The 53-year-old coke works, which has been owned by Detroit-based DTE since 2008, has 56 ovens. The plant produces more than 300 tons annually of metallurgical coke, which is used in making steel. It has a long history of air pollution violations, addressed by federal and county consent orders and fines in 1980, 1993, 2000, 2005, 2012 and 2014.
Ronald Burnette, DTE's director of operations for steel, said in a statement that the company is committed to the environment and the community, and will invest $41 million in the facility in the coming years.
The increased scrutiny is misplaced, he said, saying that the Shenango Channel is the latest example of part of an effort by environmental groups to shut down industry in the region.

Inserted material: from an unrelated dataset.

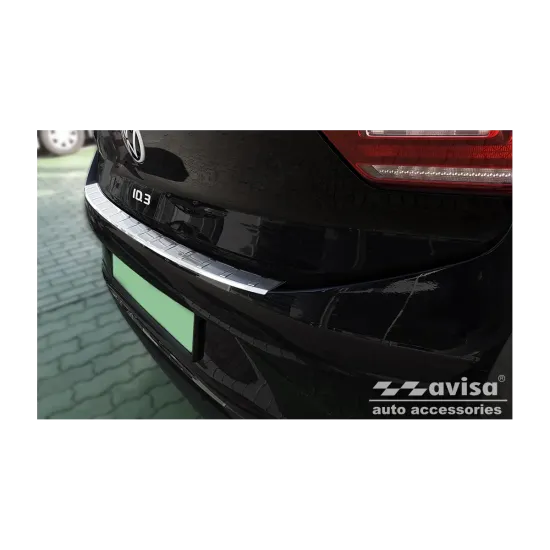 Tagumise põrkeraua kaitse - Volkswagen Id.3 (2019-)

“Shenango operates its facility to achieve compliance at all times and moves swiftly when issues arise,” Mr. Burnette said. “Visible emissions from the facility cannot be equated with harm to human health or the environment, which is supported by county-measured air quality in the surrounding area.”
Randy Sargent, a senior systems scientist in the CREATE Lab, said the Shenango Channel empowers residents with an interactive way to access evidence in one location to support what they see or smell.
“What we’re seeing already is that the conversation is moving from allegations and denials — a ‘he said-she said’ situation — to a new thing that provides a lot more certainty and transparency,” he said. “These cameras are showing fugitive emissions from the coking operation and doing so in a powerful way.”
Mr. Sargent said he has had inquiries from other citizen groups about setting up new “channels,” using cameras and air emissions monitors to document air pollution problems at U.S. Steel’s Clairton Coke Works and its Edgar Thomson steel mill in Braddock. That will likely happen next year, he said.